#### Given information
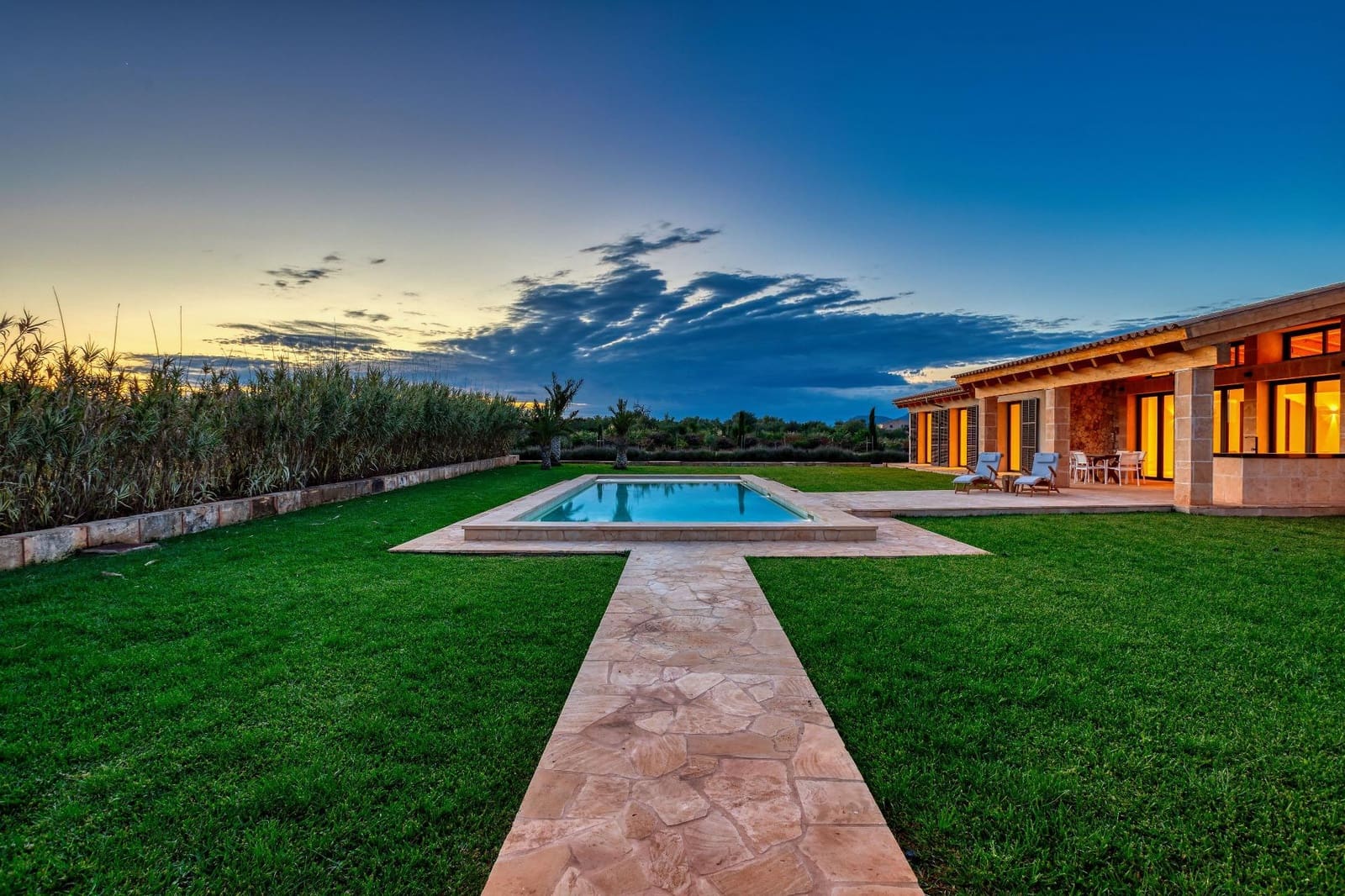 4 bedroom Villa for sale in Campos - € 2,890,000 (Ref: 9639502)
########
#### Given information
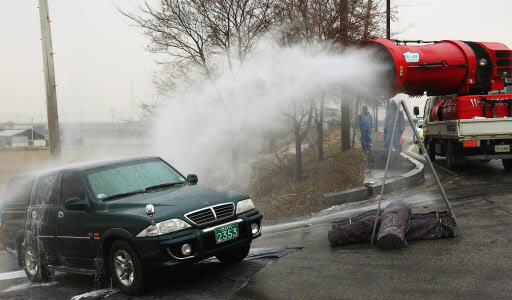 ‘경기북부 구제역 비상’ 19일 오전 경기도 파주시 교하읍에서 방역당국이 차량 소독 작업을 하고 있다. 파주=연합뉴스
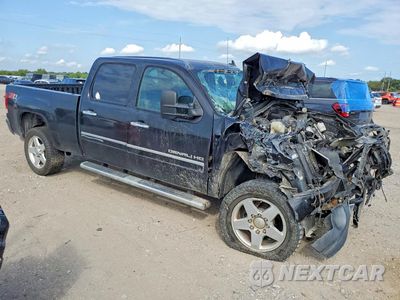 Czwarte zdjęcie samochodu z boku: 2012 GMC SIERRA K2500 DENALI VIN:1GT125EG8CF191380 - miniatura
########
#### Given information
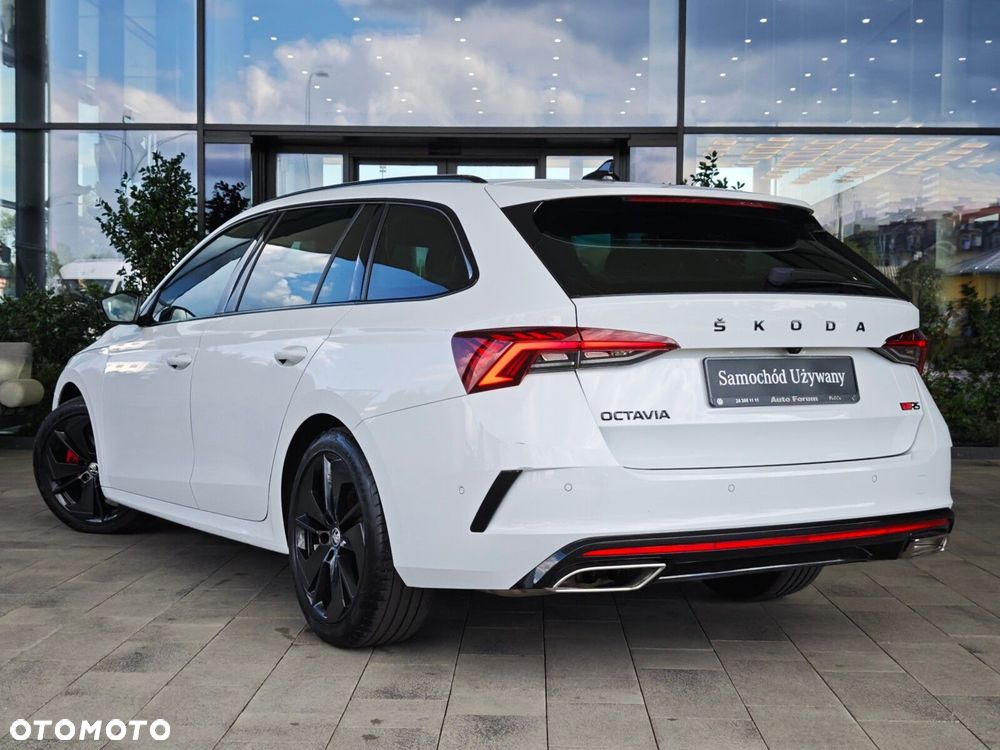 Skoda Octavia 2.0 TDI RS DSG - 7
########
- What you should do -
What lines above run from the one with "하고 있다. 파주=연합뉴스" to the one with "Czwarte zdjęcie samochodu"? Give them again exactly, ends included, and leave the pictures out.

- Output of the exercise -
 ‘경기북부 구제역 비상’ 19일 오전 경기도 파주시 교하읍에서 방역당국이 차량 소독 작업을 하고 있다. 파주=연합뉴스
 Czwarte zdjęcie samochodu z boku: 2012 GMC SIERRA K2500 DENALI VIN:1GT125EG8CF191380 - miniatura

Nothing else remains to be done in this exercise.